## TRY IT
Your answer must restate the listing below word for word and contain no images.

## STORED DATA
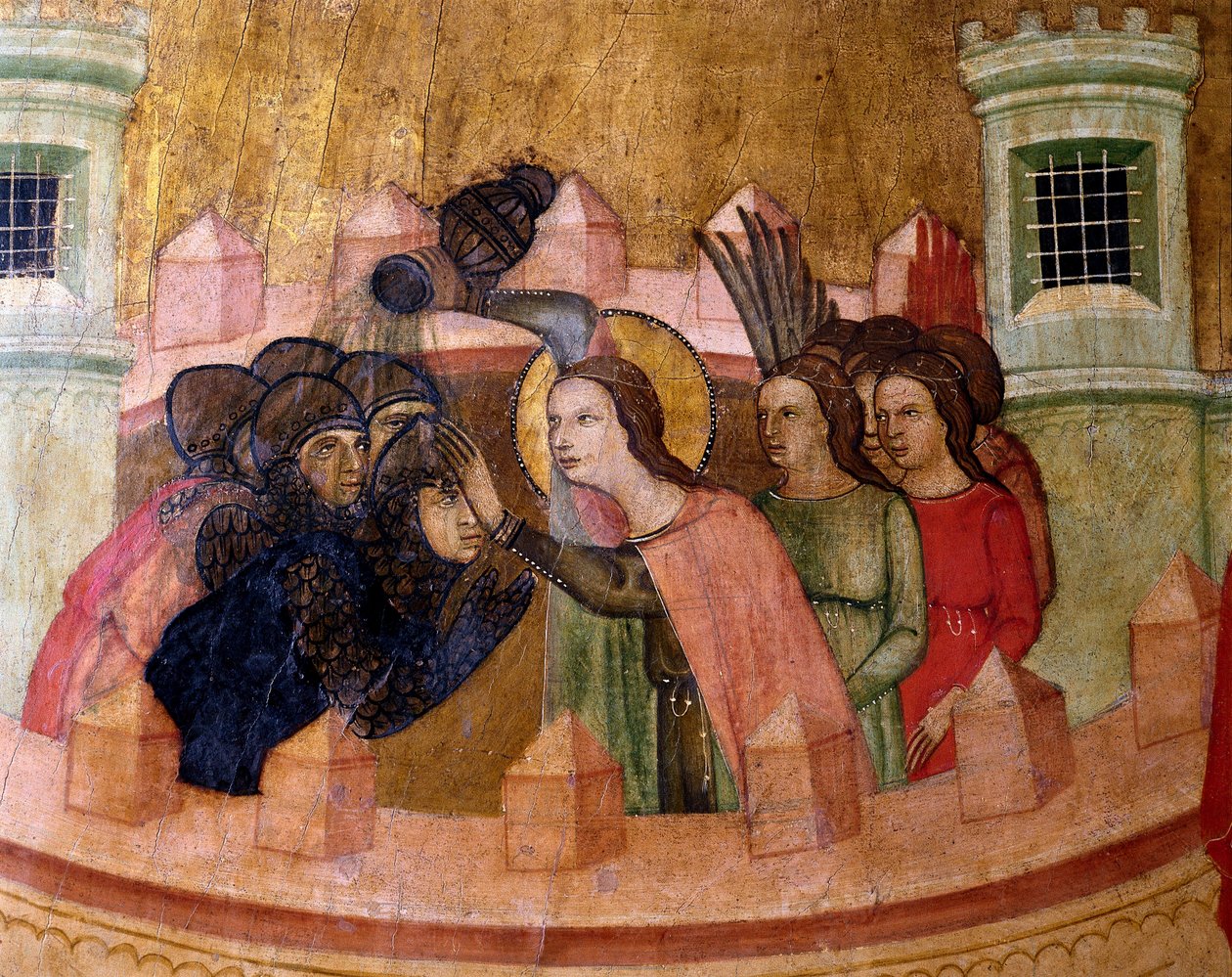 Saint Quiteria døper soldater, altertavle av Saint Quiteria, ca. 1346 (tempera på panel) av Joan Loert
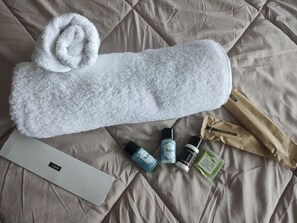 Towels, soap, toilet paper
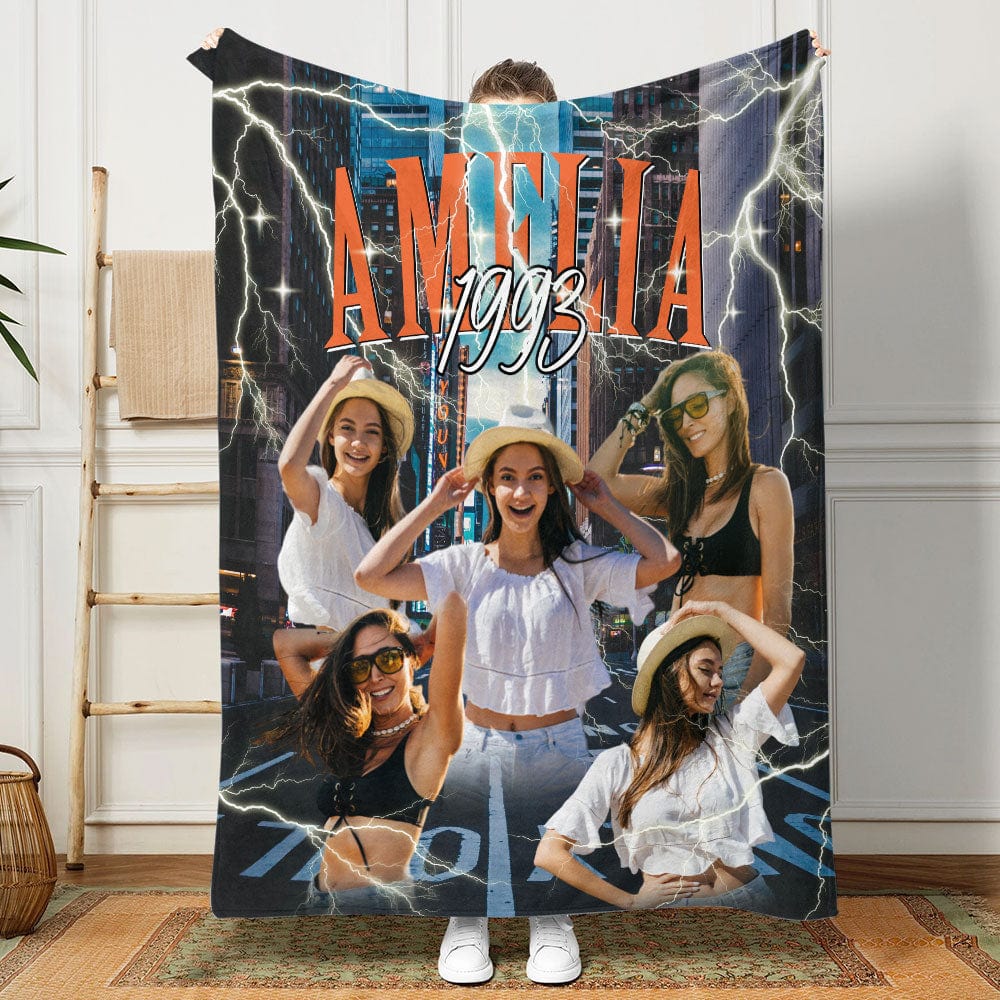 Custom Photo And Add Name With Vintage Style Family Blanket N369 889950 - Image 2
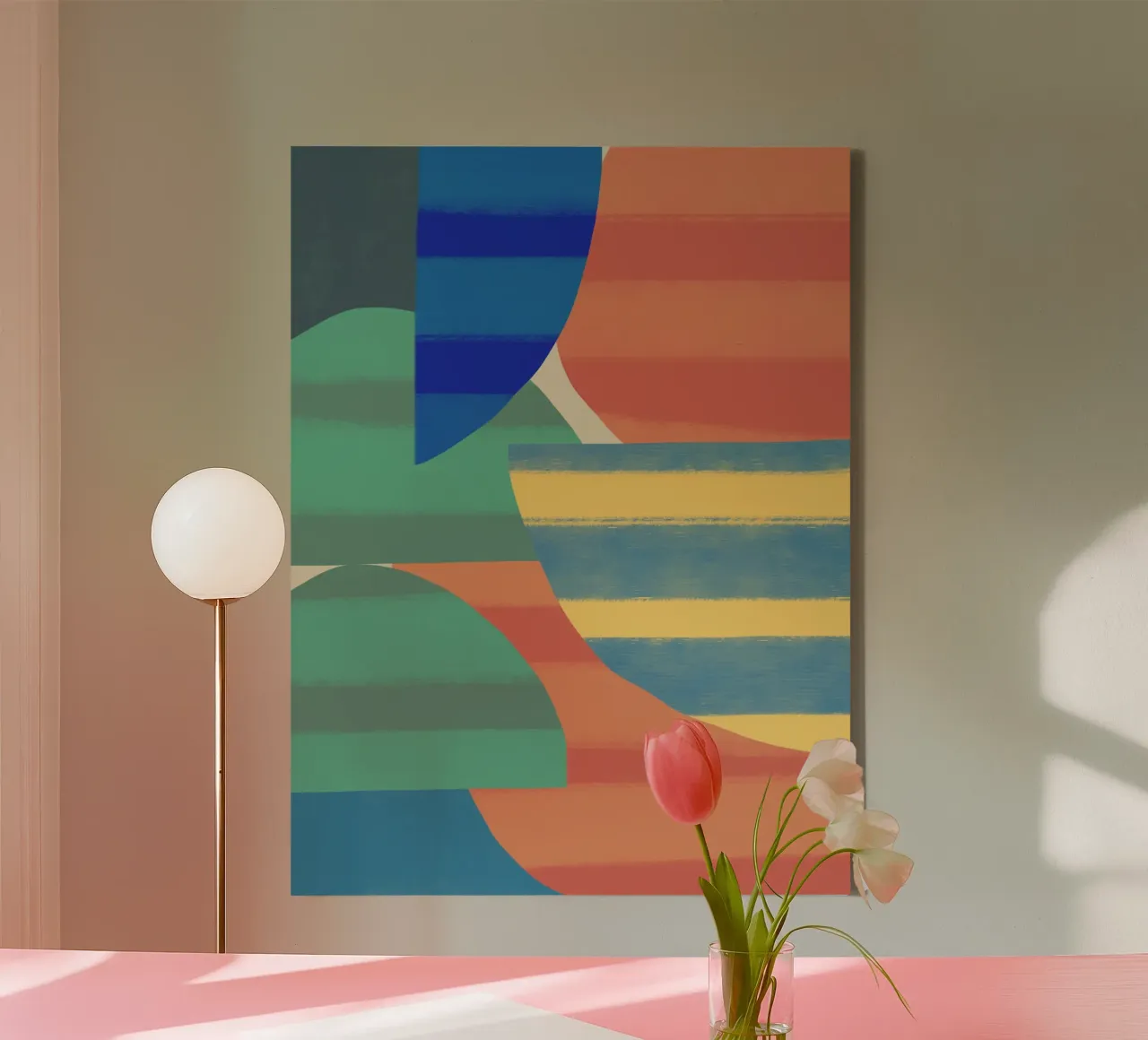 Speelse vormen compositie 6 canvas van Little Dean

## ANSWER SECTION
 Saint Quiteria døper soldater, altertavle av Saint Quiteria, ca. 1346 (tempera på panel) av Joan Loert
 Towels, soap, toilet paper
 Custom Photo And Add Name With Vintage Style Family Blanket N369 889950 - Image 2
 Speelse vormen compositie 6 canvas van Little Dean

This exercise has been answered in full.